Pastor protestante desaparecido há 11 dias

Cristãos da Eritréia confirmaram ontem que o pastor protestante Leule Gebreab, da Igreja Apostólica de Asmara, está desaparecido há 11 dias. Uma semana depois de não ter voltado para casa, a polícia local prendeu 10 membros da Igreja do Evangelho Pleno durante um culto matutino de domingo.

O pastor Leule  não volta para a casa desde o domingo, 12 de agosto, e nenhum dos parentes ou qualquer membro de sua congregação tem notícias sobre o paradeiro dele.

“A esposa dele está muito aflita com o desaparecimento”, contou uma fonte local ao Compass. 

Leule Gebreab, 35 anos, é casado e tem um filho de oito anos e uma menina de colo.

O governo da Eritréia criminalizou a atividade das igrejas protestantes independentes em maio de 2002, fechando os locais de culto e proibindo até mesmo reuniões em casas particulares.

Mais de 2000 cristãos do país, inclusive dezenas de pastores e padres, permanecem presos. Muitos foram sujeitos à tortura severa por suas convicções religiosas nas prisões, delegacias de polícia e acampamentos militares.

Não há contra nenhum deles registros de acusações ou mesmo a autorização para a detenção deles.

Ao longo do último ano, três cristãos morreram por conta dos maus tratos físicos enquanto estavam presos.

Católicos e protestantes são perseguidos

No último dia 16 de agosto, as autoridades do país ordenaram que todas as escolas, igrejas, clínicas, orfanatos e os centros de treinamento vocacionais de mulheres pertencentes à Igreja Católica fossem controlados pelo Ministério do Trabalho e Bem-Estar Social.
De acordo com um relato da Portas Abertas Internacional, quatro bispos católicos enviaram uma carta de protesto ao governo no dia 17 de agosto.
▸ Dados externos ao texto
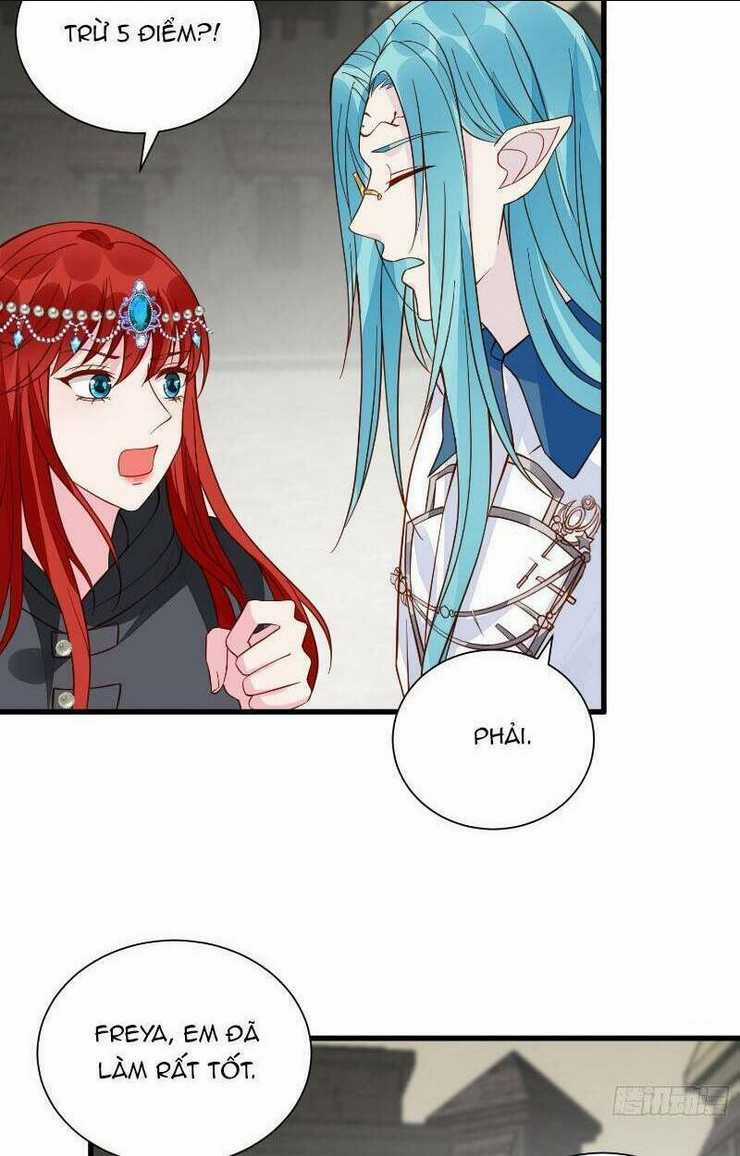 Dã Nam Nhân Đều Muốn Gả Cho Ta Chapter 41 trang 7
As autoridades não deram resposta.

A igreja da Fé em Cristo recebeu ordens semelhantes para renunciar ao controle e a posse de todas as suas instituições de ajuda sociais.

As novas demandas se baseiam em um decreto de 1995 que determina que as iniciativas de bem-estar social obtenham permissão específica do governo para funcionarem.

Apesar de proibir as igrejas protestantes independentes, a Igreja Católica é oficialmente reconhecida como um das quatro religiões históricas da nação. As outras três sancionadas pelo governo da Eritréia são as igrejas ortodoxa, luterana e o islã.

Resistência

Mas resistência contínua da hierarquia católica local contra as demandas de governo está fazendo com que o regime não a veja mais com bons olhos.

Desde o fim de 2003, os bispos católicos se recusam a enviar relatórios da atividades pastorais para o Departamento de Negócios Religiosos, insistindo que eles só se reportam ao Vaticano.

Eles também se opuseram vigorosamente à demanda do governo, em 2005, exigindo que todos os padres deles e seminaristas com menos de 40 anos prestassem o serviço militar. A igreja também desafiou uma ordem de governo subseqüente para reduzir o número de padres católicos.

Todos os cidadãos do país têm que executar o serviço nacional durante 18 meses, embora esse prazo possa ser prolongado arbitrariamente, sem a opção de voltar à vida civil.